The formula for kinetic energy is,
$K.E = \dfrac{1}{2}m{v^2}$ (ii)
where $m$ is the mass of the body and $v$ is the velocity of the body.

The initial orbital velocity of the body using the formula from equation (i) is
${v_{in}} = \sqrt {\dfrac{{GM}}{R}}$ (iii)
The initial kinetic energy of the body using the formula from equation (ii) is,
${\left( {K.E} \right)_{in}} = \dfrac{1}{2}m{v_{in}}^2$ (iv)
The final orbital velocity of the body using the formula from equation (i) is
${v_{fi}} = \sqrt {\dfrac{{GM}}{{R - \Delta R}}}$ (v)
The final kinetic energy of the body using the formula from equation (ii) is,
${\left( {K.E} \right)_{fi}} = \dfrac{1}{2}m{v_{fi}}^2$ (vi)
Change in kinetic energy is,
$\Delta K = {\left( {K.E} \right)_{fi}} - {\left( {K.E} \right)_{in}}$
Putting the values of ${\left( {K.E} \right)_{fi}}$ and ${\left( {K.E} \right)_{in}}$ in the above equation we have,
$\Delta K = \dfrac{1}{2}m{v_{fi}}^2 - \dfrac{1}{2}m{v_{in}}^2$
Putting the values of ${v_{fi}}$ and ${v_{in}}$ in the above equation we have,
$\Delta K = \dfrac{1}{2}m{\left( {\sqrt {\dfrac{{GM}}{{R - \Delta R}}} } \right)^2} - \dfrac{1}{2}m{\left( {\sqrt {\dfrac{{GM}}{R}} } \right)^2}$
$\Rightarrow \Delta K = \dfrac{1}{2}m\left( {\dfrac{{GM}}{{R - \Delta R}}} \right) - \dfrac{1}{2}m\left( {\dfrac{{GM}}{R}} \right)$
$\Rightarrow \Delta K = \dfrac{1}{2}mGM\left( {{{\left( {R - \Delta R} \right)}^{ - 1}} - {R^{ - 1}}} \right)$
$\Rightarrow \Delta K = \dfrac{1}{2}mGM{R^{ - 1}}\left( {{{\left( {1 - \dfrac{{\Delta R}}{R}} \right)}^{ - 1}} - 1} \right)$
We will now use the binomial expansion, we says ${\left( {1 + x} \right)^n} = 1 + nx$ for $x < < 1$
$\Delta K = \dfrac{1}{2}mGM{R^{ - 1}}\left( {\left( {1 + \dfrac{{\Delta R}}{R}} \right) - 1} \right)$
$\Rightarrow \Delta K = \dfrac{1}{2}mGM\dfrac{{\Delta R}}{{{R^2}}}$
$\therefore \Delta K = m\dfrac{{GM}}{{2{R^2}}} \times \Delta R$
Therefore, the change in kinetic energy is, $m\dfrac{{GM}}{{2{R^2}}} \times \Delta R$.

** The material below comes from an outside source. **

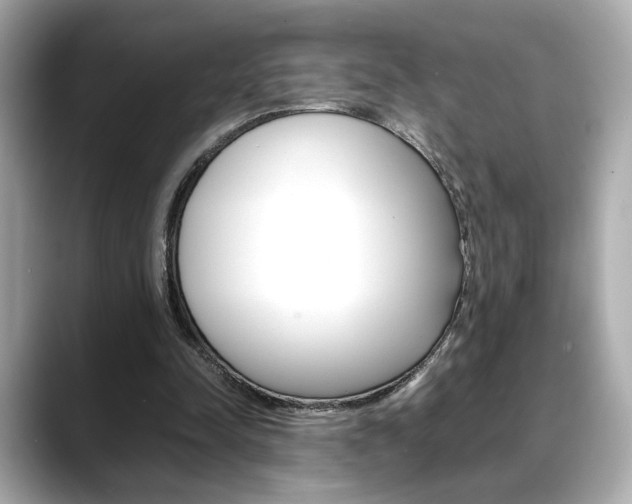 X0000088700342200705311020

Hence, option C is the correct answer.

Note: Orbital velocity is the minimum velocity required by a body to stay in orbit of the attracting body. Orbital velocity is independent of the mass of the body and depends only on the mass and radius of the attracting body. The concept of orbital velocity is used in natural and artificial satellites.